IN MY OPINION
Gosh, ya think Miley might be spinning this?
Posted on Sat, May. 03, 2008
By ANA VECIANA-SUAREZ
Three network evening news shows covered the incident, Disney issued a statement, a young star wrote an apology, bloggers opined with both outrage and forgiveness, and a magazine's website crashed when the curious clicked on a few times too many.
No, I'm not talking about news of an economic turnaround or an update in the presidential sweepstakes. The media is atwitter over the latest starlet scandal: Disney star Miley Cyrus of Hannah Montana fame revealed a little too much in a photo shoot. The brouhaha over the Vanity Fair magazine cover, with the 15-year-old singer wrapped in a satin bedsheet, her back exposed, her hair mussed, unfortunately arrives on the heels of a few dubious shots of Cyrus leaked online -- all in all, a sudden need for damage control by the Girl Next Door.
Public condemnation has been overwhelming. The Christian Coalition has demanded Cyrus be reprimanded and even Fox's Bill O'Reilly offered his personal commentary. Me, I find the hand-wringing a tad hypocritical. Last time I checked, no young girls leafed through Vanity Fair.

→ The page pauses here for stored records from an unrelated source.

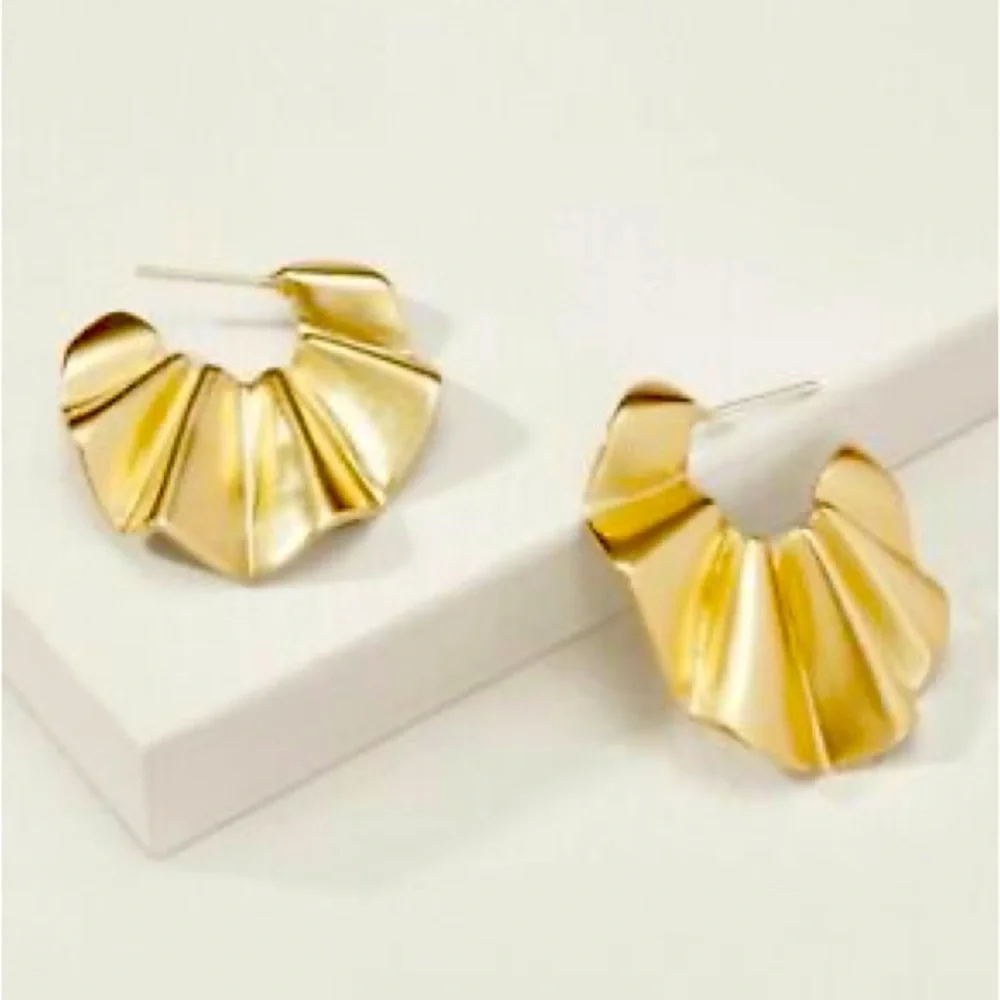 Stella & Dot Chunky Wavy Gold Plated Hoop Earring - Picture 3 of 4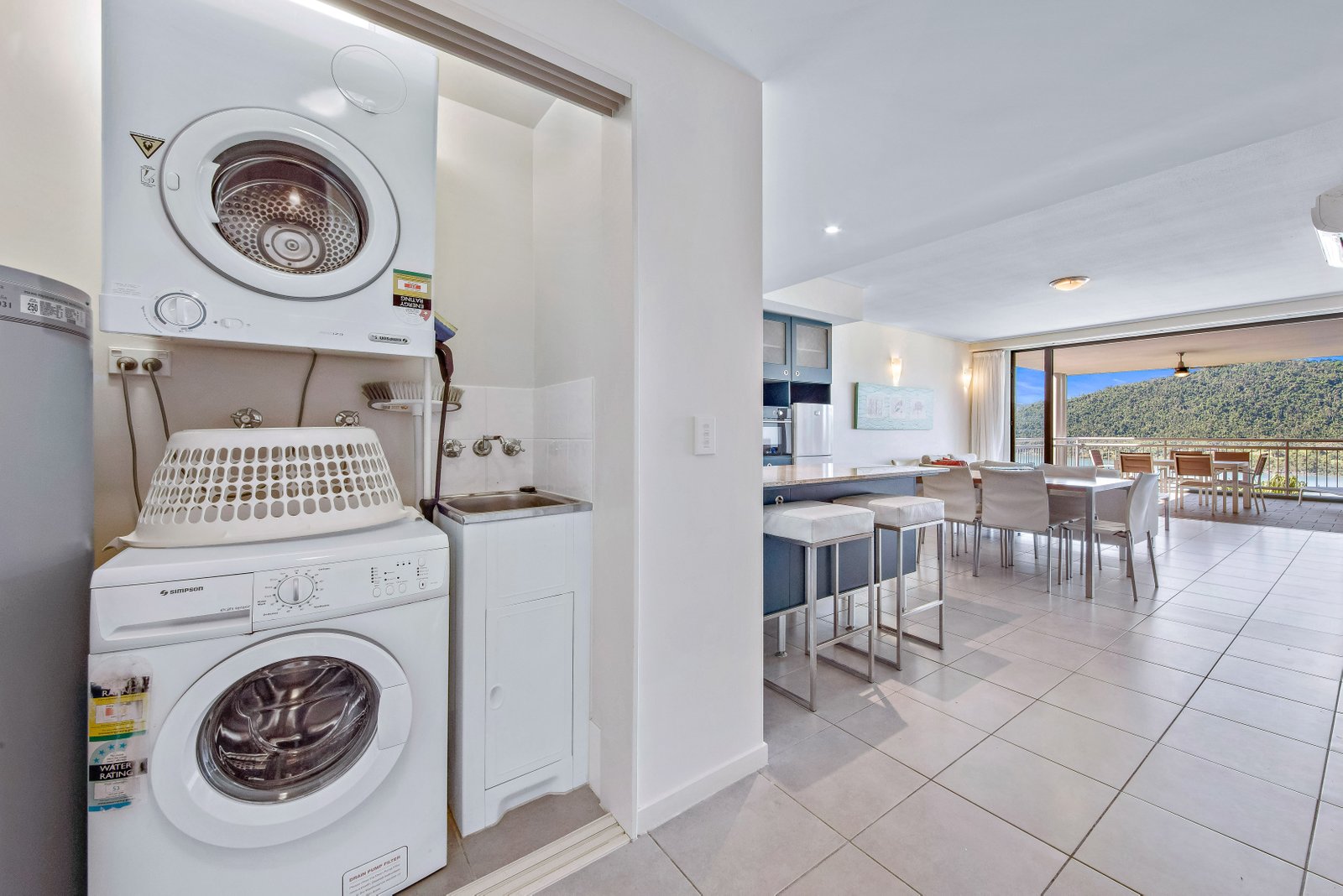 322/9A Hermitage Drive AIRLIE BEACH 10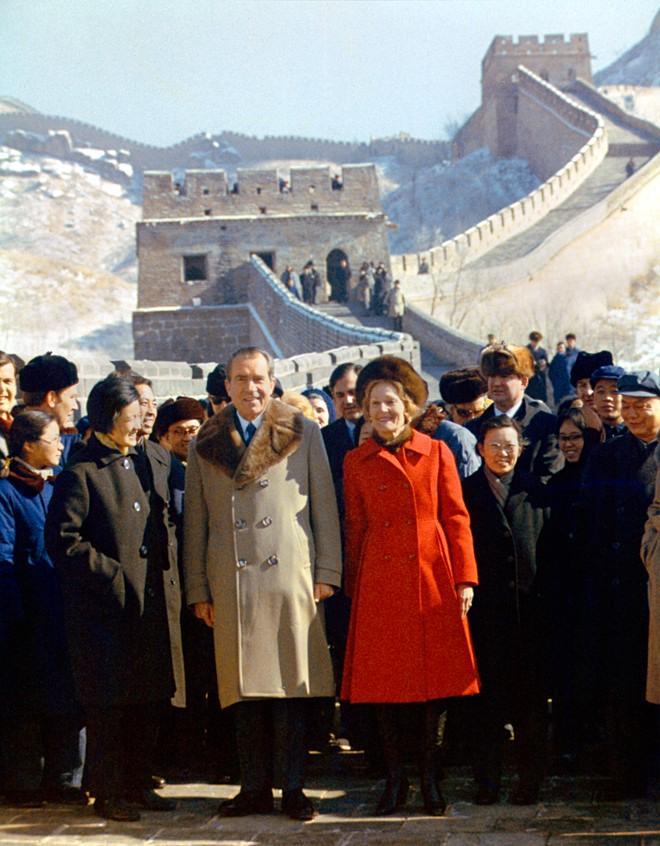 Nixon s Goes to China Since the 1949 takeover of China by the communists, the US had never formally recognized the Chinese government In late 1971, Nixon reversed that policy, announcing he would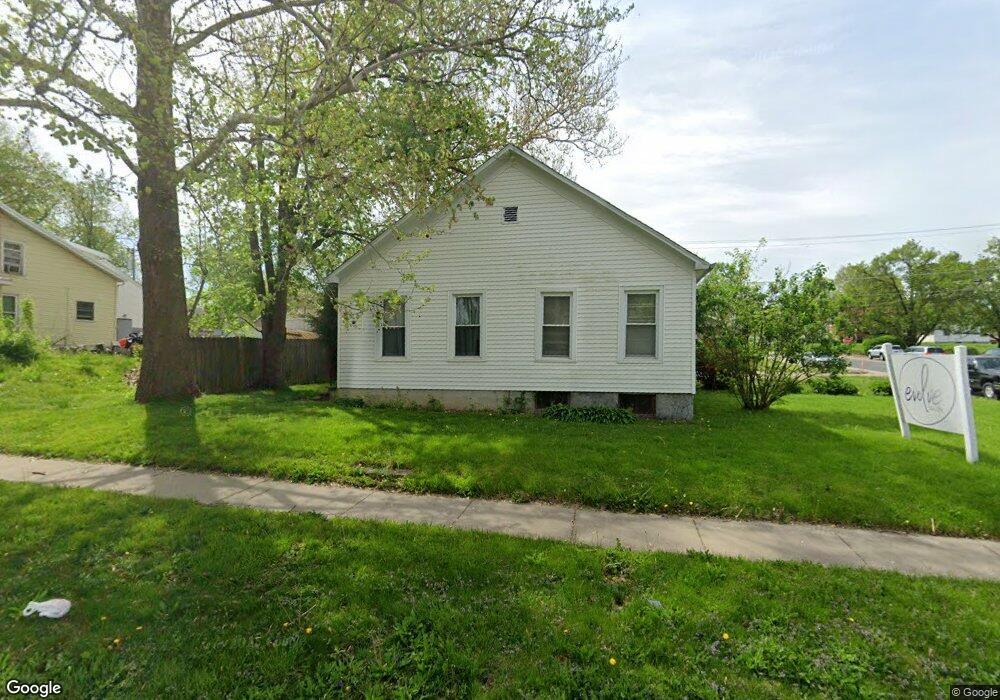 327 5th St, Lincoln, IL 62656 - photo 1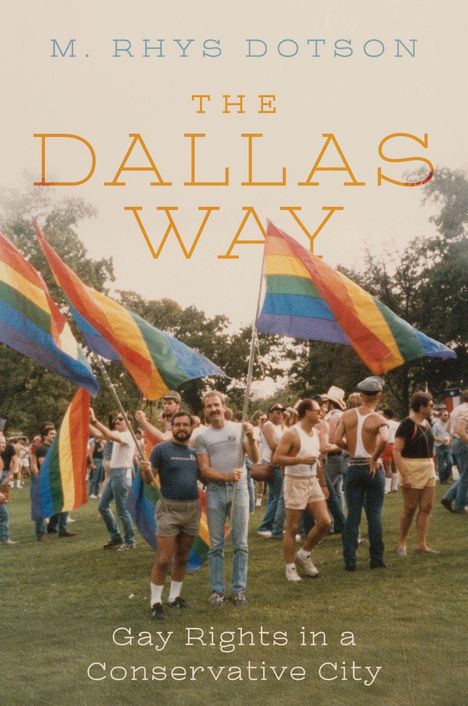 Titel: "THE DALLAS WAY". Untertitel: "Gay Rights in a Conservative City". Menschen mit Regenbogenflaggen im Freien.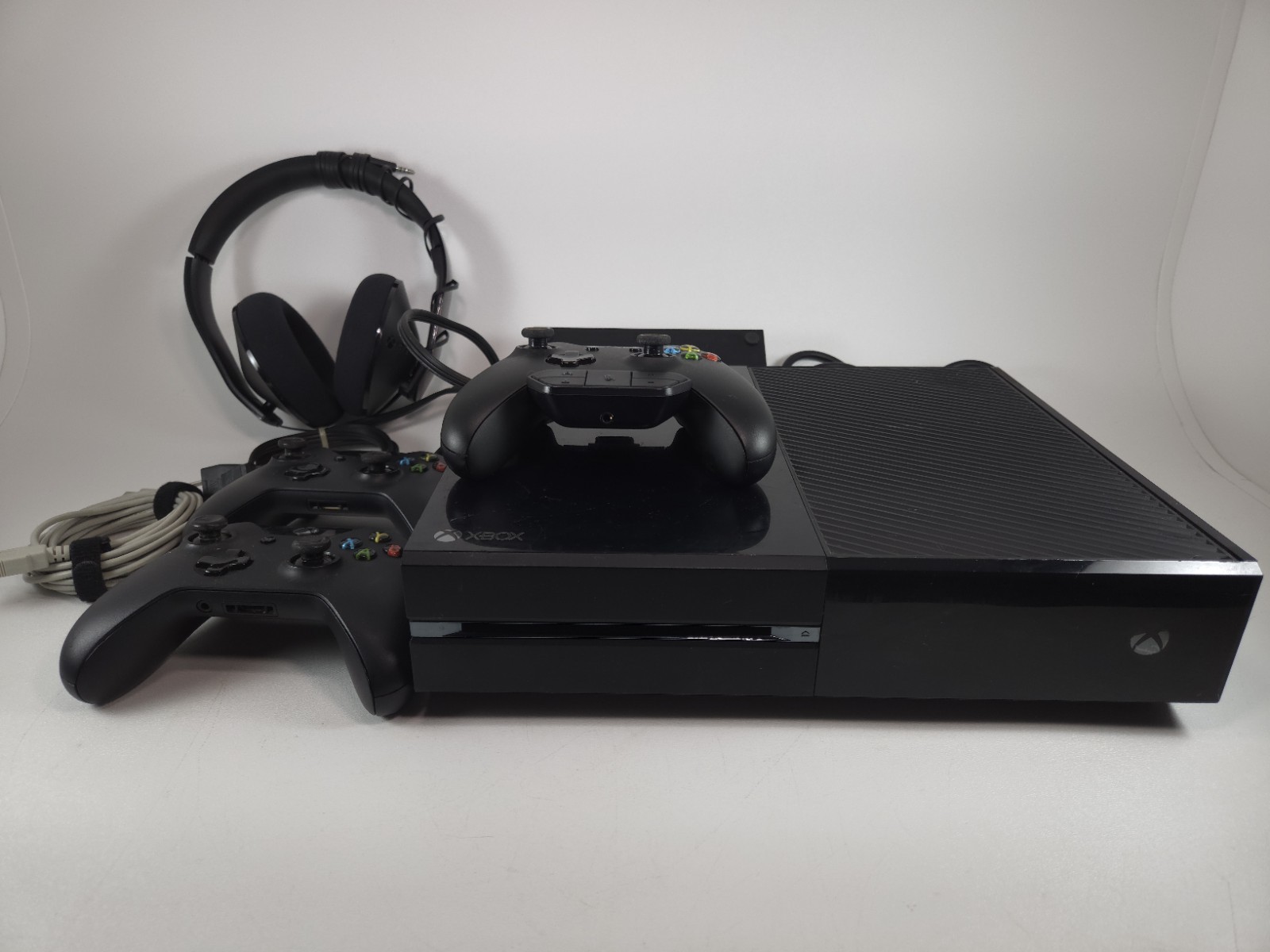 Microsoft Xbox One Black With 3 Controllers, Power Cord, Headphone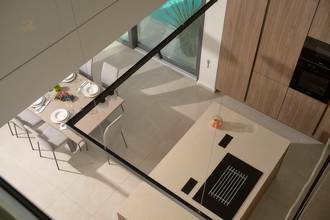 Thumbnail von Moderne Luxusvilla mit Panoramablick auf den Ortskern und die Bucht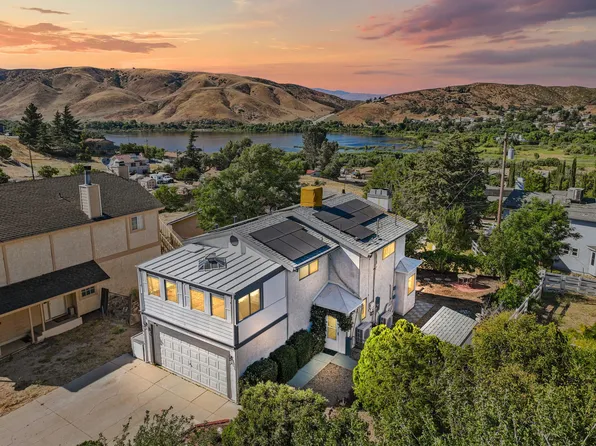 14831 Ripton Rd, Elizabeth Lake, CA 93532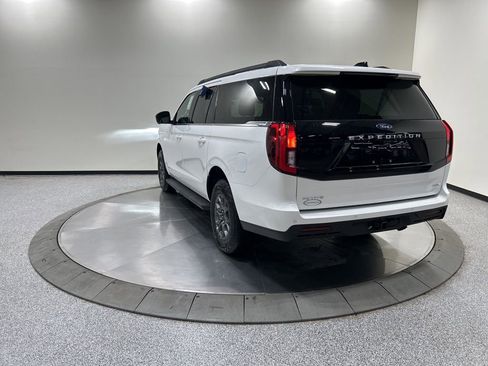 New 2026 Ford Expedition Max Active AWD/4WD image 8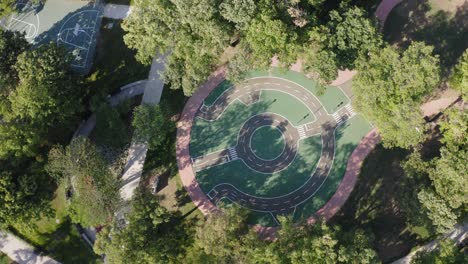 Interaktiver-Spielplatz-Im-Bahnhofspark-In-Stara-Sagora,-Bulgarien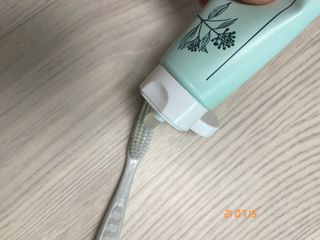 치과의사들이 선택한 솔루션, 닥터클러브치약 — 5점을 준 리뷰어가 2021년 7월 올린 사용 사진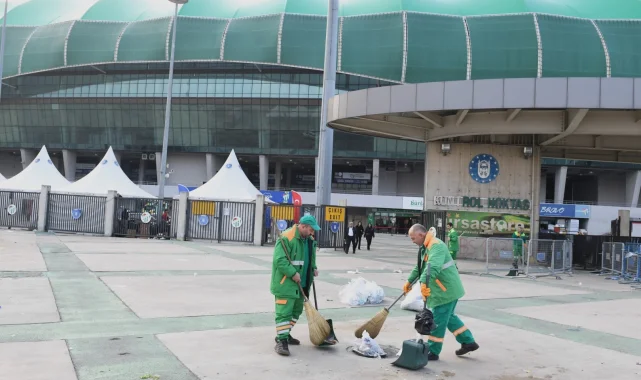 Bursa'da stadyum temizliğine Osmangazi desteği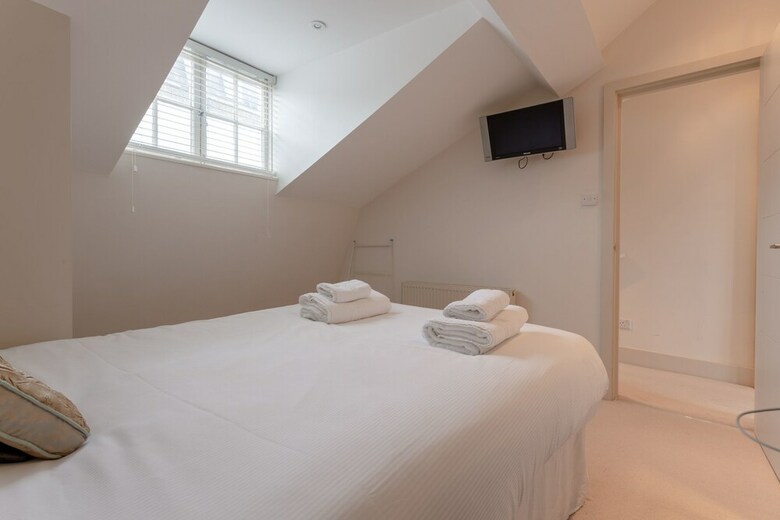 Stylish 3 Bedroom Apartment In Pimlico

In fact, I don't know many adults who do.
I suspect the outrage was primed even before the photo shoot, and the attention showered on this story was manipulated to cause a perfect storm of publicity. In other words, we've been had.
But first let me backtrack. For the uninitiated: Miley Cyrus is a huge star, a franchise player for the tween set who reached said status in a TV series about a teenager who struggles to be just average during the day and an international pop star by night. Her Best of Both Worlds tour sold out within minutes and concert tickets went for hundreds of dollars.
Cyrus posed for the occasionally controversial Vanity Fair and the always envelope-pushing photographer Annie Liebovitz. So, really, the result shouldn't surprise us: the bare-back cover shot, which has caused the biggest stir, and one pic of the girl draped over her tattooed father, singer Billy Ray Cyrus, her midriff exposed.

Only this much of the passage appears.